Archive for September 2007

September 26th, 2007

A Burning Desire

“I don’t have enough eccentric hobbies.”

I suppose this is what I was thinking as I graced the door of “Pipes by George” last Friday.

Sure, recently I’ve both: a) taken up ukulele and b) acquired a set of mutton-chops (which, contrary to popular belief, require almost daily care and maintenance), but I couldn’t shake the feeling that there was more out there. What else to try? Surfing? Too commonplace. Bonsai-trimming? Too nerdy. Alligator-wrestling? Too likely to result in an untimely death….

I should probably note that “Pipes by George” is one of the coolest retail establishments…ever. Bar-none. It’s tucked in a run-down little “shopping center” just west of the Raleigh capital under two stories of apartments and between a mediocre chinese restaurant and a tattoo parlor. The whole place has that “some of this stuff has been sitting on the shelves since 1962”/“grandma’s attic” vibe, while simultaneously feeling like it gets new inventory regularly and maintains a small, but loyal clientele of tobacco connoisseurs…who are completely unaware of the advances in smoking that have been made since the late 1800s.

I’ve patronized “Pipes by George” once before, when I bought an old Zippo at an antique store, and I needed to get it up and running. It wasn’t holding a flame and required a new wick. Before I continue, you should know this lighter is sort of sissy. It bears a floral pattern and it’s one of those smaller, mini-sized ones, but I like it and I’ll stick up for my purchase by saying: a) it’s a for-real, brand-name Zippo, b) it has kind of a manly-looking floral pattern (Which I know is kind of an oxymoron, but ya’ll know what I mean, right? Right?), c) it has the initials “BAB” engraved on it, which is a possible phonetic spelling of my name and d) the person running the place only wanted $4 for it. Anyway, back at “Pipes by George,” I had came face-to-face with the man himself. George is probably about 60 and is relatively slight in stature, but quite scrappy and grizzled in appearance. One would not have trouble imagining him as an old sea captain. I guess what I’m getting at here is, if I had to venture a guess, I’d say the only thing that could cut George is George; George only has two speeds: walk and kill; when George goes swimming, he doesn’t get wet, the water gets George; etc. So I had to show George my sissy Zippo. I was half expecting him, upon seeing it, to: a) pummel my pansy ass and b) throw me out of his store, causing me to sprawl out onto the street and fling it onto the pavement, where it would skid to a stop in front of the bikers who hang out by the tattoo parlor, and who would then finish me off.

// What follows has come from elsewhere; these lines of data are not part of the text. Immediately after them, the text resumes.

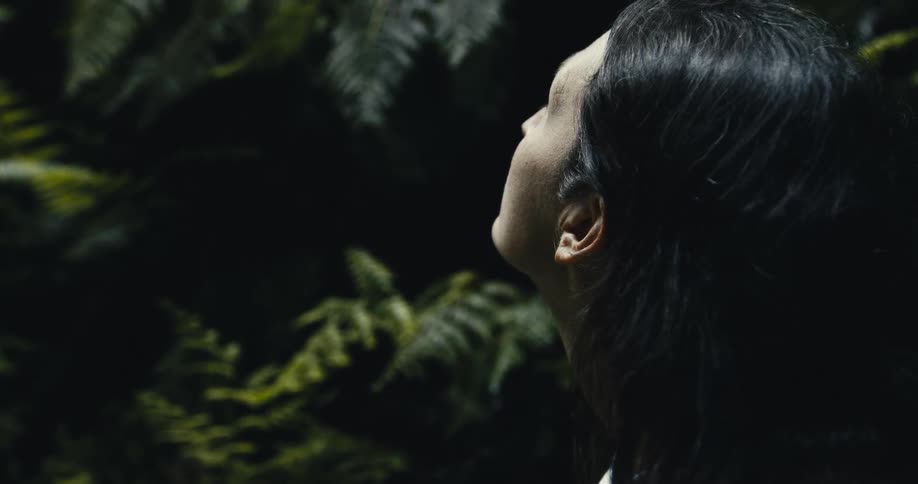 A serene woman with dark hair finds a moment of peace while looking up in a lush, dark forest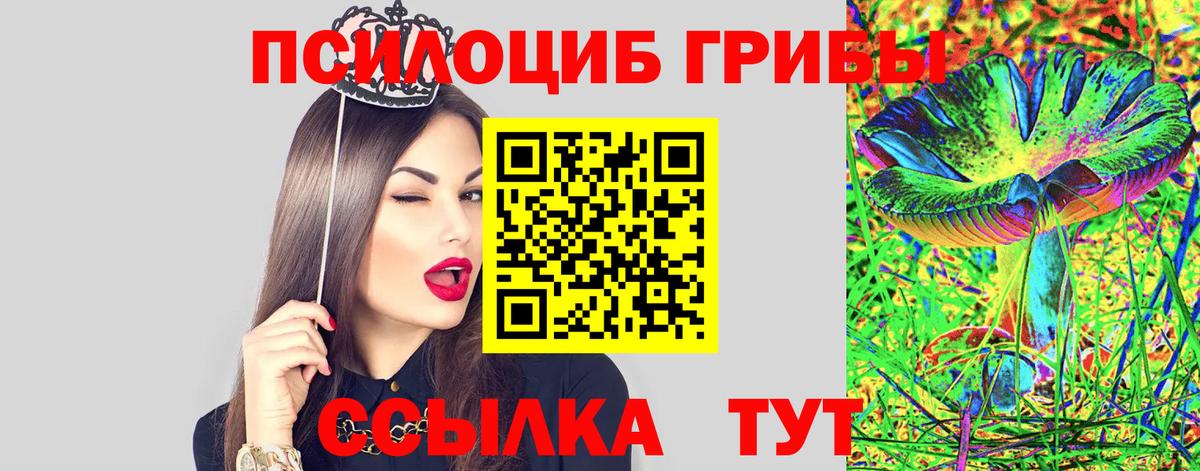 Псилоцибиновые грибы прущие грибы Узловая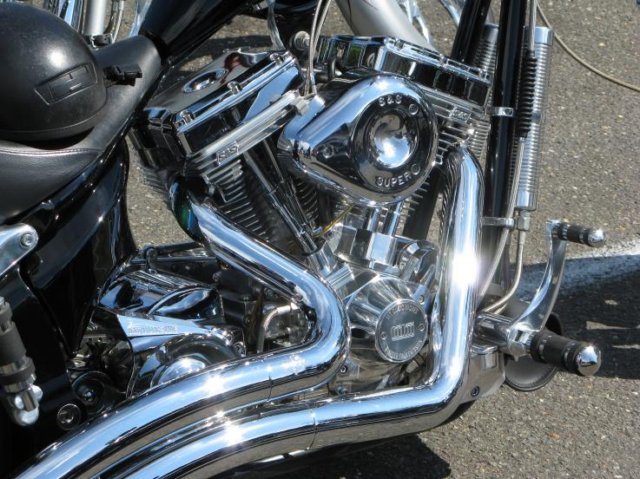 mccrun08191.jpg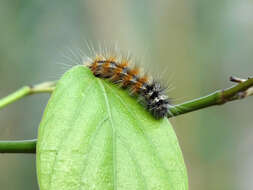 Image of Spilosoma obliqua Walker 1855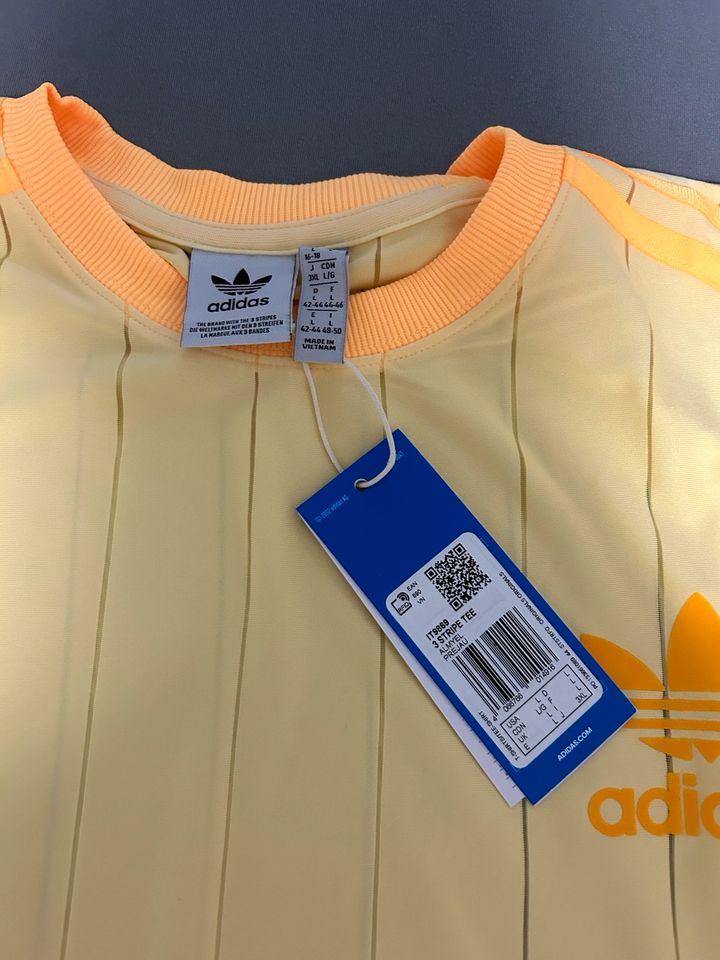 Adidas T-Shirt in Ellingstedt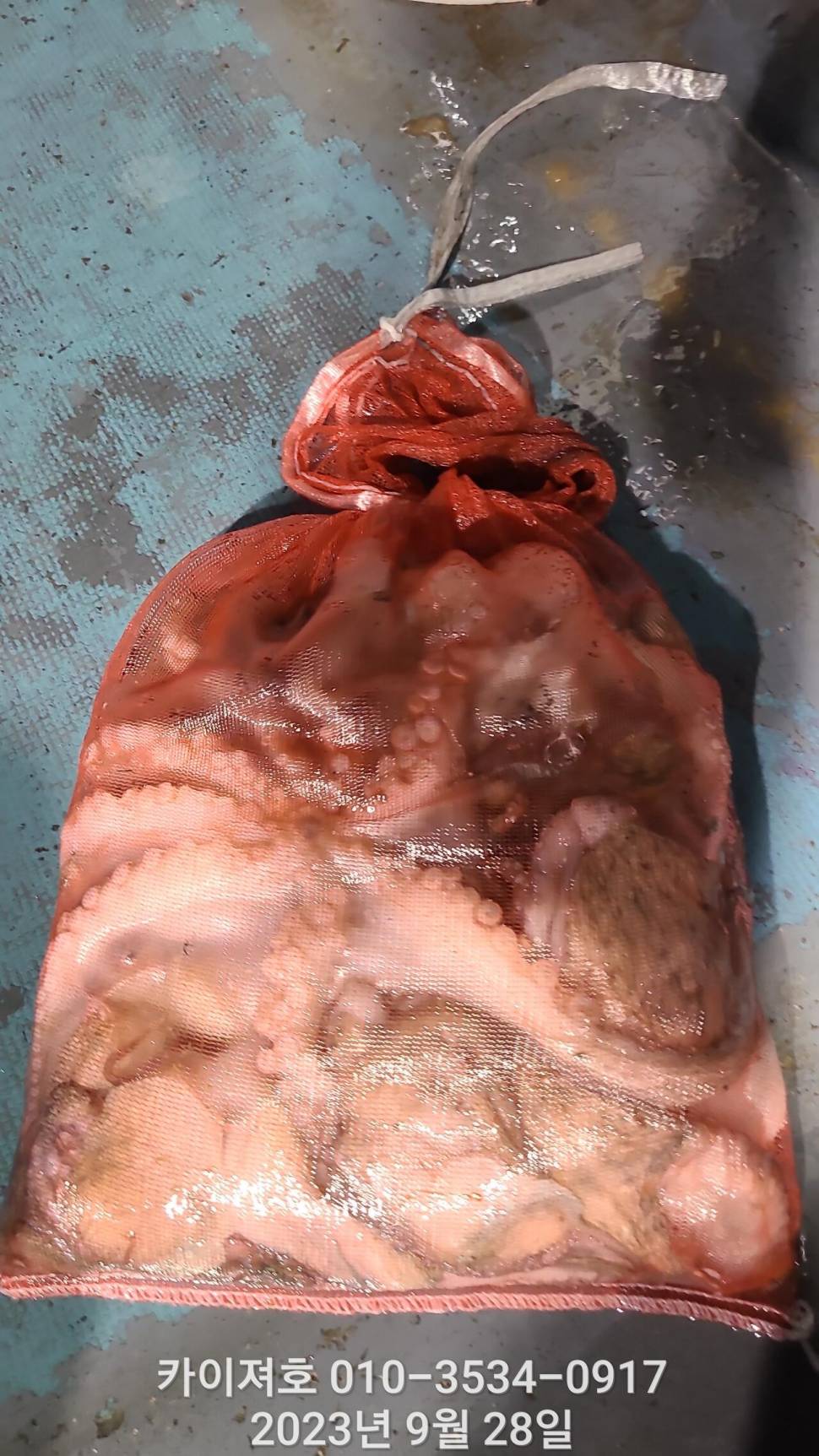 28일밤 돌 문어 마릿수 최고 (조황조행기 - 바다선상조황)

The actual transaction was nothing like that. “Nice little lighter,” he said warmly. He looked it over as if it was the first time he’d ever laid eyes on a Zippo such as this — which there was no way it was — and somehow managed to do it without a hint of sarcasm or insincerity. From behind the counter, he inspected it and determined the correct wick. He put on his old-fashioned reading glasses, dug into his rusty toolbox, selected a well-worn flathead screwdriver, and disassembled ol’ BAB in a few seconds. At one point, he consulted a dusty, vaguely-biblical Zippo manual, which was the size of a phone book, and informed me that, according to the markings on the bottom, the lighter was manufactured in 1977.

During our time together I noted a few things about George: a) he clearly loved what he did, b) he had been doing it for a very long time and knew everything there was to know about his field, and c) he didn’t mind taking a minute to relay to a complete stranger who was spending no more than $1.50 in his store, a few bits of superfluous information that only someone like him would possess. How can you not take a liking to someone like this?

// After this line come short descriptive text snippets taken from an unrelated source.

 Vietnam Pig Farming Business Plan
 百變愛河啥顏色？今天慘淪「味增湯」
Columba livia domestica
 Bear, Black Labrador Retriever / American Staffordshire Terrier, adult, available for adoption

As he was ringing me up, George said, verbatim, “Is there anything else we can set you up with?” This was just a way of saying “Is that all you need?” but he was so damned amiable, I came very close to saying “You know what, George? Set me up with a starter kit! I need to start smoking a pipe!” I didn’t. Then.

That encounter stayed with me (obviously) and last weekend, over a year later, I returned, looked George in the eye, and said, “You know what, George? Set me up with a starter kit! I need to start smoking a pipe!”

Why now? Well I was mostly motivated by an idea I have for a costume for Halloween, which demands a pipe and which I will not be telling you any more about. You will just have to wait.

What I will give you is this:

0926071
This is all your fault, George.

The fact that it’s a corncob is winning me over, despite my original determination that wood was the way to go. My plan was to get one of the less-expensive wooden types, but it turns out the “less-expensive” wooden types start at $35 — way too much for something I’m basically just attempting for a larf. The corncob and some standard pipe tobacco only added up to $6, which is much more tolerable.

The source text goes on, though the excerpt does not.